La Nord Corea ha una politica razionale e giustificabile, per cui vuole diventare una potenza nucleare. Lo abbiamo permesso a India, Pakistan, Israele e via dicendo, non è assurdo che lo vogliano anche loro

In che modo?
Trump è prigioniero del suo personaggio di “uomo forte”. Questo lo rende aggressivo e imprevedibile. Fortunatamente possiamo contare sulla serietà della Cina, che nell’ultimo congresso del Partito comunista ha delineato obiettivi raggiungibili e l’attenzione di Pechino sarà probabilmente concentrata sul conseguimento di quelli.

Ma una Nord Corea che abbia ufficialmente raggiunto il rango di potenza nucleare che scenari aprirebbe?
Conseguenze ci saranno. Ad esempio il Giappone potrebbe volere l’atomica come deterrente. Finora ha potuto contare sulla protezione fornita dagli Stati Uniti, ma nel futuro potrebbe non essere più così. Magari non subito, ma nei prossimi anni.

Washington sembra dunque guardata con minor fiducia dai suoi alleati e con minor timore dai suoi avversari. Stiamo insomma assistendo a un indebolimento relativo degli Usa, rispetto agli altri Paesi?
Secondo me sì. Hanno fatto due guerre inutili e le hanno perse, in Iraq e Afghanistan. Qualche conseguenza era inevitabile.

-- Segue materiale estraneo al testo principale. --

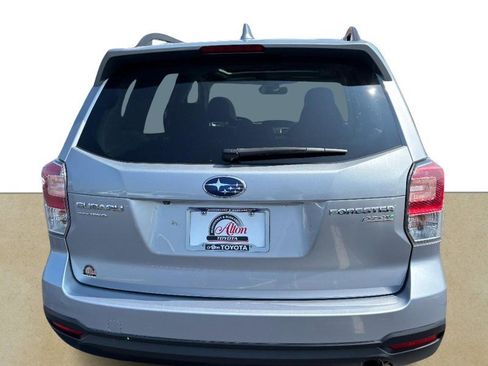 Used 2017 Subaru Forester 2.5i Limited AWD/4WD image 5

E Trump? Di nuovo è un fattore?
Sì. Non può nemmeno contare sui suoi collaboratori, il Segretario di Stato Rex Tillerson gli ha dato più o meno chiaramente dell’idiota, “moron” in inglese, e si è sempre rifiutato di smentire. Non può contare nemmeno sul suo partito. Lui è un presidente anti-sistema, è contro la tradizionale collaborazione bipartisan tra democratici e repubblicani su certi temi. La sua presidenza ha reso l’America un Paese zoppo e difficilmente prevedibile.